---------- Excerpted data ----------

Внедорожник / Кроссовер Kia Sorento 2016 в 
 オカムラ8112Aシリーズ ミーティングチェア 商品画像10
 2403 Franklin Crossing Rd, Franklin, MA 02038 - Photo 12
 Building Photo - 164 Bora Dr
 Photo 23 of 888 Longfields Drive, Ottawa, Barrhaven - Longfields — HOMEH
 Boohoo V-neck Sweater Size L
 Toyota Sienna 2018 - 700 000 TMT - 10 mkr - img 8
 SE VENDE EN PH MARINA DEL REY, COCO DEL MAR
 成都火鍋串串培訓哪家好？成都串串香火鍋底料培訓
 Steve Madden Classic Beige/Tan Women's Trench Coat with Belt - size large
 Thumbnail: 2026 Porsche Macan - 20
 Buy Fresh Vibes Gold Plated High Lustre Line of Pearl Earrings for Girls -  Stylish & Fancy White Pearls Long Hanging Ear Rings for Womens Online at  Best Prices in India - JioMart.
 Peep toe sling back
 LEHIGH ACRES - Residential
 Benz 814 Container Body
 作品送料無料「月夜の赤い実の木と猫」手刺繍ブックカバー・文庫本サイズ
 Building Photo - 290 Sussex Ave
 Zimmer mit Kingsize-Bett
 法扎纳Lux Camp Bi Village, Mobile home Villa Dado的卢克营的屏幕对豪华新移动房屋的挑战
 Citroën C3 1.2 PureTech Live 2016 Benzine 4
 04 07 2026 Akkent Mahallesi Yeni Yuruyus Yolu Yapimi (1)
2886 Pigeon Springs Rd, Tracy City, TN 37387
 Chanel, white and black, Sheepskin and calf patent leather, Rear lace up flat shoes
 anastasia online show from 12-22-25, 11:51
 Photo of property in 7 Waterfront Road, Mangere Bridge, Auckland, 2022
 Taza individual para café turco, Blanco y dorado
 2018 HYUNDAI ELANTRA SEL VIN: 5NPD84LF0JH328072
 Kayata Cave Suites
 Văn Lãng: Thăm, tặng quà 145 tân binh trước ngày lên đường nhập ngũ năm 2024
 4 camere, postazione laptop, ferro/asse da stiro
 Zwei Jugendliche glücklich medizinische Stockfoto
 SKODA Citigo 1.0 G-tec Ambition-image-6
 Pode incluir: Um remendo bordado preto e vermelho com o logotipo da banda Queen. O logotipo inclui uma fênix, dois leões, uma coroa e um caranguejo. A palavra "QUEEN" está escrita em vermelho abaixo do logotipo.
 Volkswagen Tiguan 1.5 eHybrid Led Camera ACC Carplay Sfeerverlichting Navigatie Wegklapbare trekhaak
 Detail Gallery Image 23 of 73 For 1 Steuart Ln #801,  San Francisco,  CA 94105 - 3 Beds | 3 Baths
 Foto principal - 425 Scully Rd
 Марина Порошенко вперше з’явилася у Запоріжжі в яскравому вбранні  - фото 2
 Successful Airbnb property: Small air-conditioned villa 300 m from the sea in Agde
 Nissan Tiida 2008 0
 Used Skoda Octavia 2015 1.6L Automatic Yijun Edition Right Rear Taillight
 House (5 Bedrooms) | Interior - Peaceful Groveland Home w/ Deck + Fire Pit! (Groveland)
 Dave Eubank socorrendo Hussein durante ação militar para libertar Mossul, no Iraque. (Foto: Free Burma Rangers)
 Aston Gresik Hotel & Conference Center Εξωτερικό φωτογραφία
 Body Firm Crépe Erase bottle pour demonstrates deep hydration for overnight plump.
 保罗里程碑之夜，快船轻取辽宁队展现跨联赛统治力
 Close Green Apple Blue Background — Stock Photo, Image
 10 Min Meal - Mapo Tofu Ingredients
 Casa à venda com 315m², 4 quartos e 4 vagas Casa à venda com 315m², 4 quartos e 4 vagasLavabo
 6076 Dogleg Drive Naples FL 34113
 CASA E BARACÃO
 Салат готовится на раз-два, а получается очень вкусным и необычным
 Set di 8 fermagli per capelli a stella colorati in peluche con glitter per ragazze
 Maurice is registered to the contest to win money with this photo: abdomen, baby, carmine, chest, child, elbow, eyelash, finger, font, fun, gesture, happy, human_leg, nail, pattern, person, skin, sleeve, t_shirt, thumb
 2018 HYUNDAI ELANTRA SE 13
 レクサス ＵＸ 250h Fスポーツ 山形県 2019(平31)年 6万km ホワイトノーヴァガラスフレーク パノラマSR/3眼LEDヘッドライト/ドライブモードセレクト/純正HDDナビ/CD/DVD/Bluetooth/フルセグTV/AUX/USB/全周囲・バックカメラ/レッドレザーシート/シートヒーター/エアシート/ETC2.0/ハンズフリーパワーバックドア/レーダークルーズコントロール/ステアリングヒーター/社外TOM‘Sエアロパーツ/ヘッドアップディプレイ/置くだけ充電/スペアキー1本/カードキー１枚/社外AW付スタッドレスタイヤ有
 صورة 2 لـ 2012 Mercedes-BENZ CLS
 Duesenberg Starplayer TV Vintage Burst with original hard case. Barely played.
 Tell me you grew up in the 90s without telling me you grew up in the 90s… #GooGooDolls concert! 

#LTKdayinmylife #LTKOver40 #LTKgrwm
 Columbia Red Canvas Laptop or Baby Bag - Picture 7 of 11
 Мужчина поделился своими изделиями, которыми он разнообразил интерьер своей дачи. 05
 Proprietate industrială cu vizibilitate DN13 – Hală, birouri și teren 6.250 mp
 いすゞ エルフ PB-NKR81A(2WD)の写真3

----------

For the listing above, identify each line bearing "para".

Result:
 Taza individual para café turco, Blanco y dorado
 Dave Eubank socorrendo Hussein durante ação militar para libertar Mossul, no Iraque. (Foto: Free Burma Rangers)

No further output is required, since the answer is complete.